Application au Function-as-a-Service (FaaS)

L’EPFL indique que les résultats du projet ont été présentés lors du 52ᵉ Symposium international d’architecture informatique (ISCA 2025) à Tokyo. Les chercheurs y ont démontré l’application directe de Midgard au modèle Function-as-a-Service (FaaS), un paradigme de calcul utilisé par Amazon, Microsoft et Google.

Dans ce modèle, où chaque fonction logicielle est isolée pour des raisons de sécurité, la mémoire virtuelle classique devient un frein. Midgard introduit une isolation en mémoire gérée directement par le matériel, supprimant la nécessité d’appels système et réduisant les délais de traitement à la microseconde.

Cette intégration permet d’exécuter les fonctions cloud de type FaaS avec une isolation matérielle directe, sans passer par les couches logicielles classiques du système d’exploitation. Ce fonctionnement réduit drastiquement la latence et la consommation de ressources dans les environnements de serveurs, tout en maintenant la sécurité des processus, précise l'institution lausannoise.

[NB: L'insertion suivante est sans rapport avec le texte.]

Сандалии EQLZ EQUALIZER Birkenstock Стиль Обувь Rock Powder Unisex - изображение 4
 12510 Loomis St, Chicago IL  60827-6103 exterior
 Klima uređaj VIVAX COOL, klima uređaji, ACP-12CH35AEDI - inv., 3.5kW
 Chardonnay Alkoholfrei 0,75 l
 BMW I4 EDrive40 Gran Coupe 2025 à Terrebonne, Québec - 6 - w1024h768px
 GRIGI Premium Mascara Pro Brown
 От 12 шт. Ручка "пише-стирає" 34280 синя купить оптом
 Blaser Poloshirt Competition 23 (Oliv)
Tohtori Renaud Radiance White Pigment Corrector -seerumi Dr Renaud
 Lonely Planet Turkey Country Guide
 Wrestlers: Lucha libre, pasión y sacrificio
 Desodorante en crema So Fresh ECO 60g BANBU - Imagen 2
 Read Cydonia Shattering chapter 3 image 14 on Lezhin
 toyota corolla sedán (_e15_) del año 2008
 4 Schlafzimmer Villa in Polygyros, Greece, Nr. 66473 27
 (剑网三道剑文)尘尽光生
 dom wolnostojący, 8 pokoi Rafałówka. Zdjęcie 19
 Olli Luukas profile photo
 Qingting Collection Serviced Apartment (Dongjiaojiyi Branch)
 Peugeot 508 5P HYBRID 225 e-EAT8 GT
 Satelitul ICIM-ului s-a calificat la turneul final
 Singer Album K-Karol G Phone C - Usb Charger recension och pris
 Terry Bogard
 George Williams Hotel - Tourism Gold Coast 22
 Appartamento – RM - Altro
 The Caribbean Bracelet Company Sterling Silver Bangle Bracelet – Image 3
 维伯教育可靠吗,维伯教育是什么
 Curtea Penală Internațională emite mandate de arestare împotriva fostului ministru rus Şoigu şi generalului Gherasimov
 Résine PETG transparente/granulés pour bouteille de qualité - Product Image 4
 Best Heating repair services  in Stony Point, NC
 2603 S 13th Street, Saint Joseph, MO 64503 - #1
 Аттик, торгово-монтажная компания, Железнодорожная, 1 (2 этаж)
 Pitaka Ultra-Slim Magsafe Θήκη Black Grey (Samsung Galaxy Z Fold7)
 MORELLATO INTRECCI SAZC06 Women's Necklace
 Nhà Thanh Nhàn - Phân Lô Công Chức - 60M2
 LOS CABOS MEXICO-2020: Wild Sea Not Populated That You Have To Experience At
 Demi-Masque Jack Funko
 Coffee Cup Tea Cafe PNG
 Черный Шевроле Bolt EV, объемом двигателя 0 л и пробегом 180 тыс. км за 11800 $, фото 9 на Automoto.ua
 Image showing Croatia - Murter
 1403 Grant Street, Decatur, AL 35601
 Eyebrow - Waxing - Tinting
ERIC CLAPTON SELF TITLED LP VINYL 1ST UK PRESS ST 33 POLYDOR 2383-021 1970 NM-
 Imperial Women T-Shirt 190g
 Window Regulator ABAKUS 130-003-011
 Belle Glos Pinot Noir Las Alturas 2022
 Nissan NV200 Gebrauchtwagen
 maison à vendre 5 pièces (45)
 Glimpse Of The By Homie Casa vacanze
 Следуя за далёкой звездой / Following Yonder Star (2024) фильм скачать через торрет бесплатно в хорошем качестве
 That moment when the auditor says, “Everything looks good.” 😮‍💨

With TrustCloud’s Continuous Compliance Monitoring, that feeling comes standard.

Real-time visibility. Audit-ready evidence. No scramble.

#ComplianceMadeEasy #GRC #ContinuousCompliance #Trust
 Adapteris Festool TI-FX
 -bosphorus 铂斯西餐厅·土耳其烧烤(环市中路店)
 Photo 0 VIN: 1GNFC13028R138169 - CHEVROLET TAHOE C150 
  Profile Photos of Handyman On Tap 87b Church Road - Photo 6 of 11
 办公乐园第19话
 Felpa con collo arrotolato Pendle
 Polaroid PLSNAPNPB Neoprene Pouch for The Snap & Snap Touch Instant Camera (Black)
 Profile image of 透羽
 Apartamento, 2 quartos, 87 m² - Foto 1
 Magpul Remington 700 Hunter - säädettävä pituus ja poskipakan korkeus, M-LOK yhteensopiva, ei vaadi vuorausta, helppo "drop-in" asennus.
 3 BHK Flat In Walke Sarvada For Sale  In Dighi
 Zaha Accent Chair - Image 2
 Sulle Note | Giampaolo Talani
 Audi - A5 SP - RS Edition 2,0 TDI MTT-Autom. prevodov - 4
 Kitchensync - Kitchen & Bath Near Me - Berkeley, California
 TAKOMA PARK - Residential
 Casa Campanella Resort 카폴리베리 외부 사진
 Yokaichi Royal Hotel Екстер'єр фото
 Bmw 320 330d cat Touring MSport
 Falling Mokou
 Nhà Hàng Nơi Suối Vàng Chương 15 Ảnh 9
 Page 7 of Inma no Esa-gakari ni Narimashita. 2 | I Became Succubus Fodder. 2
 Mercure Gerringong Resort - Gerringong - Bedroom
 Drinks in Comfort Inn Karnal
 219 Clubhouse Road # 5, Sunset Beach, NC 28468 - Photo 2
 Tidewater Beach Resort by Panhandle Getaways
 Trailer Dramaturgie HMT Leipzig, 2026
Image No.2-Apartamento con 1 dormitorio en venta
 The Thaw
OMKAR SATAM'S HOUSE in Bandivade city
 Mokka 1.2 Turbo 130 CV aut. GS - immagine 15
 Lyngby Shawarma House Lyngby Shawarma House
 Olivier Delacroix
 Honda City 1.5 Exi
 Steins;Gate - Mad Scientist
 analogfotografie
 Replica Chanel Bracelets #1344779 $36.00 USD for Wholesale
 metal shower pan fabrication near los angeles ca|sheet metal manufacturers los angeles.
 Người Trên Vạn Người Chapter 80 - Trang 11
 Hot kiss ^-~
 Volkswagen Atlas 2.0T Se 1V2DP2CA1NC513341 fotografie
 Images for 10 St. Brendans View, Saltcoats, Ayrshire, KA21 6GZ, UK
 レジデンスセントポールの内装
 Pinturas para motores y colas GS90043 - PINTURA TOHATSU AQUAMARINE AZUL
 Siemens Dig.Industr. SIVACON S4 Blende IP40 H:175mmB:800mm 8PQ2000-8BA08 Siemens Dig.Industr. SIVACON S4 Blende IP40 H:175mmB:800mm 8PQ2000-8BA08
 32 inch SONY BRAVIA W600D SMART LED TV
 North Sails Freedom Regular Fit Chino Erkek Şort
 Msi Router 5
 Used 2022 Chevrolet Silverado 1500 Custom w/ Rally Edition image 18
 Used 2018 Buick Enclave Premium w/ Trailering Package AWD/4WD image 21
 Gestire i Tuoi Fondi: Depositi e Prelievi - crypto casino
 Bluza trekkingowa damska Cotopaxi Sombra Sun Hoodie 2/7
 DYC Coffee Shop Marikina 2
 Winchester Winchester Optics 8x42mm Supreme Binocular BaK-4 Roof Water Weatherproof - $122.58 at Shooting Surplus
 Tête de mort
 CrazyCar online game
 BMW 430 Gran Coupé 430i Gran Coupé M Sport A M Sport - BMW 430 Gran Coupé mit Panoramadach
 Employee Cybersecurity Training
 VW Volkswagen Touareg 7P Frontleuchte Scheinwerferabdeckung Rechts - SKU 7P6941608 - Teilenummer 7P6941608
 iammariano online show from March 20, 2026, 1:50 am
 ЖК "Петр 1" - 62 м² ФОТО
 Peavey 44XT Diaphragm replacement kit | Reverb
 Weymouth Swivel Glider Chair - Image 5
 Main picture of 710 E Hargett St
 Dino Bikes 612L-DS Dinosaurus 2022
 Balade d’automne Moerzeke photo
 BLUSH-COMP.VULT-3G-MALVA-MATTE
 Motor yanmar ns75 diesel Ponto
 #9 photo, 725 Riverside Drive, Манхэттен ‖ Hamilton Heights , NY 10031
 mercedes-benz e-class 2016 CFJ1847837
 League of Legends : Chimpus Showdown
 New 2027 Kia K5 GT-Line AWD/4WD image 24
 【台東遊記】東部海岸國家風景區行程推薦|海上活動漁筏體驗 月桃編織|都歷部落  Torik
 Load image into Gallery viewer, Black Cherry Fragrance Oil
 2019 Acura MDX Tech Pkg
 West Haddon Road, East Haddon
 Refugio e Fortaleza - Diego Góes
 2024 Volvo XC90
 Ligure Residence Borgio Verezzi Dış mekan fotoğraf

Selon le communiqué, cette technologie permet de réduire les goulets d’étranglement liés à l’isolation mémoire. L’EPFL précise que les tests ont montré un débit deux fois supérieur aux solutions universitaires de référence, avec seulement 16% d’écart par rapport à un modèle non sécurisé.

Vers l’informatique à l’échelle du rack

L’équipe de recherche prévoit désormais d’étendre ces travaux à l’informatique à l’échelle du rack, où plusieurs serveurs fonctionneraient comme un seul ordinateur. Cette approche permettrait d’améliorer l’utilisation du matériel, notamment des GPU, dont près de 50 % seraient sous-utilisés dans les charges d’intelligence artificielle, selon un rapport de Microsoft cité par Babak Falsafi. «Nous essayons de créer des technologies qui aideront les opérateurs à utiliser leur matériel plus efficacement. C’est l’objectif qui nous motive», ajoute-t-il.

L’EPFL précise que Midgard se conclut sur plusieurs publications scientifiques, un démonstrateur interne et une présentation technique chez Intel. Une nouvelle phase de recherche est déjà envisagée.